First, with everyone convinced that the US economy can only continue chugging ever higher, here is the simple counterargument. And it is the old one - inventories.
...Many clients we have spoken to do not believe that the US economy can drop into recession because most of the key cyclical elements of the economy, such as housing and consumer durables, remain depressed. In addition, with profit levels so high and corporates flush with cash, clients remain confident that deep falls in the cyclical elements of the economy cannot now occur. They have forgotten the mathematics of inventories.
Remember, this is an economy that has enjoyed the biggest ever peacetime stimulus, yet has seen the weakest ever rebound in final sales (see left-hand chart below). With final sales so weak, it will not take much in the way of a negative contribution from inventories to send the economy into decline- even without further weakness in the moribund cyclical sectors.

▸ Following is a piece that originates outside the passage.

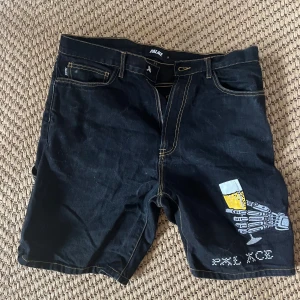 Palace jeansshorts med broderi - Unika svarta jeansshorts från Palace med kontrastsömmar och broderade detaljer. Framsidan har ett skelett som håller ett ölglas och texten 'PAL ACE'. Baksidan har färgglada broderier med peace-märke, blommor och ölglas på bakfickorna. Perfekta för dig som vill sticka ut.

Inventories have surged in recent quarters (see right-hand chart above), and their contribution to GDP growth has been considerable (see left-hand chart below). But wait! As my good friend James Ferguson from Arbuthnot pointed out to me the other day, it is already clear from the ISM data that a slowdown in the inventory build is imminent (see right-hand chart below).
All those who discount the impact of inventories: pay attention.
Now you won't need reminding that it is the change in growth in inventories that counts towards GDP growth. So even if inventories rise another $110bn in Q4, as they did in Q3, the contribution to GDP growth is zero. If inventories rise a still strong $60bn in Q4, for example, inventories will deduct 1.5% from annualised GDP growth. With final sales rising a sickly 0.75% annualised (!!) over the last two quarters, you don't have to be a genius at maths to realise a recession is entirely possible, even without sharp declines in housing or consumer durables.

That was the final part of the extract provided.